Halbuki İbn Haldun tarihçilere eleştiri getirirken, onların belirli ilkeler etrafında bir değerlendirme yapmadıklarını belirtir ve "ictimai hadiselerin tabiatı" kavramsallaştırmasını değerlendirmelerinin temel mihveri haline getirir. Yani İbn Haldun'a göre, ictimai hadiselerin bir tabiatı (ilke) bulunmakta ve ictimai hadiseler bu ilkelere göre gerçekleşmektedir. Bu bağlamda devlet, iktidar, kabile, hadariyet, bedeviyet, asabiyet gibi kavramlar etrafında analizler yapar. Meselâ; devlet ve iktidarın tabiatına değinir. O, birçok tespit ettiği ilkeyi antropolojik temellerini analiz ederek geliştirmektedir.

Osmanlı'nın son döneminden bugüne birtakım detaylar dışarıda bırakıldığında iki ana eksen (damar) varlığını göstermektedir. Bunlar; batıcılar ile islamcılar şeklinde ifade edilebilir. Osmanlı'dan bu yana her iki kategori de hareket noktalarını "müslümanlar niçin geri kaldı" sorusu etrafında şekillendirmişlerdir. Bu bağlamda "modern dünyaya tavır" konusunda ortak tavırları kadar farklılıkları da mevcuttur. Bugünden yapılan tartışmalar dikkatle izlendiğinde "eksen" tartışmalarının yansımaları analiz edilebilir.

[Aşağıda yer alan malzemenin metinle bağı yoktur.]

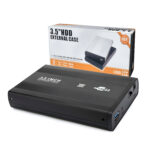 Hdd Case 3.5 Inch Sata Hard Disk Case Metal Body 2.0 - Image 4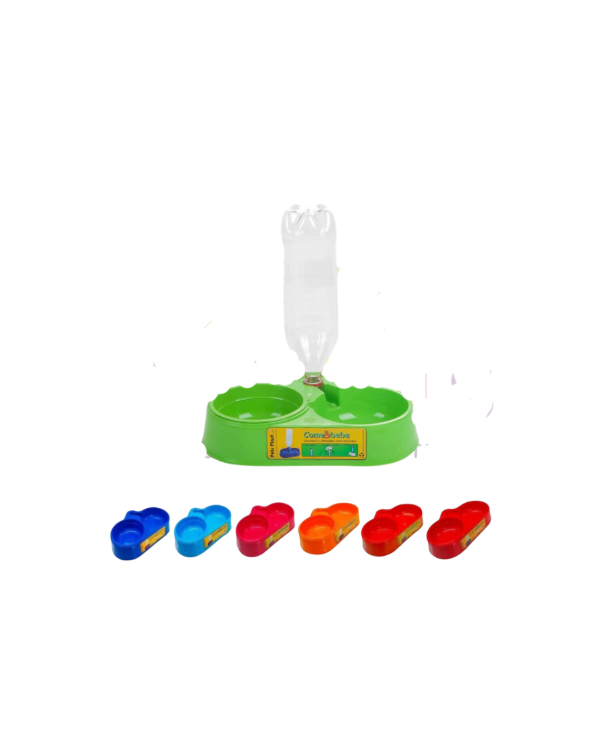 Producto - Comedero doble para botella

Eksen tartışmalarının belirgin olduğu alanlardan birisi her iki kategorinin de kendisine göre yazdığı tarihtir. Bu tarih yazımlarında kahramanlar, örnek şahsiyetler, olayların vuku tarzı değişmekte; buna göre yapılan yorumlar ideolojik bir inanca dönüştürülerek kategoriler arasında bir çekişmenin konusu olmaktadır. Daha da önemlisi ideolojik inanca dönüşen bu okuma biçimleri her iki kategoride de romantik bir bakış açısını belirgin kılmaktadır.

Özellikle sosyal medya takip edildiğinde bir konu hakkında kategorilerden birisi "doğru" dediği için "yanlış" yargısı diğerinde pekiştirilmektedir. Daha da ötede bir kategoriye ait kişi oradan "irtidat" ettiğinde kahramanları ve örnek şahsiyetleri değişmektedir. Bu durum "kıssatun la tentehi" şeklinde devam etmektedir.